| TASK DETAILS |
For the entries below, print exactly the lines between the line holding "Hershey's Chocolate Chip" and the line holding "Dari Saat Arteta Bersuara", inclusive, and nothing else.

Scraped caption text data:
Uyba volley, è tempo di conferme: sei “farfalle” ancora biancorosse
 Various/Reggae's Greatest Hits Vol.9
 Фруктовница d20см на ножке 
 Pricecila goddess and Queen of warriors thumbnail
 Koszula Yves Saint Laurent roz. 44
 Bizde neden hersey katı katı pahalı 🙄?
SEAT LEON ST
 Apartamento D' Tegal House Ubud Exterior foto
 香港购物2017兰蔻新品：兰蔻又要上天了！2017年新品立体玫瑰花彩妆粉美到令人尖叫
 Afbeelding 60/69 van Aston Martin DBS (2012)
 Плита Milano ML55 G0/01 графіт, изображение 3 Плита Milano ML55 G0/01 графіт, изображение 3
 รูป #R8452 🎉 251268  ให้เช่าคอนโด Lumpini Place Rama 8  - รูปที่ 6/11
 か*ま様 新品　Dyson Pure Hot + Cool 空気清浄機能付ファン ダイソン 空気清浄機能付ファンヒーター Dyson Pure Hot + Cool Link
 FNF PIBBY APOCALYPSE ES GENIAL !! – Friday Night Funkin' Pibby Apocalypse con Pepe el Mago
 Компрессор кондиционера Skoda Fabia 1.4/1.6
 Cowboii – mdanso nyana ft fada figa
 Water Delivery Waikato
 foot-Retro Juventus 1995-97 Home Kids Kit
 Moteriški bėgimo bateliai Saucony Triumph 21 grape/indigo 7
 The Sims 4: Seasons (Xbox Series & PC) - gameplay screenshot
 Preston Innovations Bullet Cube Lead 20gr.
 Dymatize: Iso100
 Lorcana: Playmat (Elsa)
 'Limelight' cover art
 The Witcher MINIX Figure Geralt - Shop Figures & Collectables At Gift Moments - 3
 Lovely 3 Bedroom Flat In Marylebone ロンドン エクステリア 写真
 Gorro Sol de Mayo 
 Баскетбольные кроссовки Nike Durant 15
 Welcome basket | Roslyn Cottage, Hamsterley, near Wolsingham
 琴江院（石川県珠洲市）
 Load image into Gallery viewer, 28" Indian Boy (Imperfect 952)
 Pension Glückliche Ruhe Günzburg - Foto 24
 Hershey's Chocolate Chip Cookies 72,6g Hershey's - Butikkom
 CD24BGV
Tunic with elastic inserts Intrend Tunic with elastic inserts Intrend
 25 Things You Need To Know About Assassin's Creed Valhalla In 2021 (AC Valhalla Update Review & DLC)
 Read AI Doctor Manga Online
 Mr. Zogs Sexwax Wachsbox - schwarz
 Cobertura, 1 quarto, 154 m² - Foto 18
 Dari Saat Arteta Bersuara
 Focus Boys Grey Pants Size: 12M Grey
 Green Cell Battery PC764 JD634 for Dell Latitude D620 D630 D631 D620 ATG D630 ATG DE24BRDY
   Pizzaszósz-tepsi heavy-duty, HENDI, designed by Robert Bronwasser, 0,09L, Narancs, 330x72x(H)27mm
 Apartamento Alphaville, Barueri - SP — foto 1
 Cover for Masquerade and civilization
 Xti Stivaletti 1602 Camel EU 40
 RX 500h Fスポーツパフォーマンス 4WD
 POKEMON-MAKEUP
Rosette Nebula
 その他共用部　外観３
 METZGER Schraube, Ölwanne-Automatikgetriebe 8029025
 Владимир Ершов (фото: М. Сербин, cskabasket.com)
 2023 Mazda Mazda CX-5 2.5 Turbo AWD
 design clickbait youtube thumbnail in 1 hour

| SOLUTION TO THE PROBLEM |
 Hershey's Chocolate Chip Cookies 72,6g Hershey's - Butikkom
 CD24BGV
Tunic with elastic inserts Intrend Tunic with elastic inserts Intrend
 25 Things You Need To Know About Assassin's Creed Valhalla In 2021 (AC Valhalla Update Review & DLC)
 Read AI Doctor Manga Online
 Mr. Zogs Sexwax Wachsbox - schwarz
 Cobertura, 1 quarto, 154 m² - Foto 18
 Dari Saat Arteta Bersuara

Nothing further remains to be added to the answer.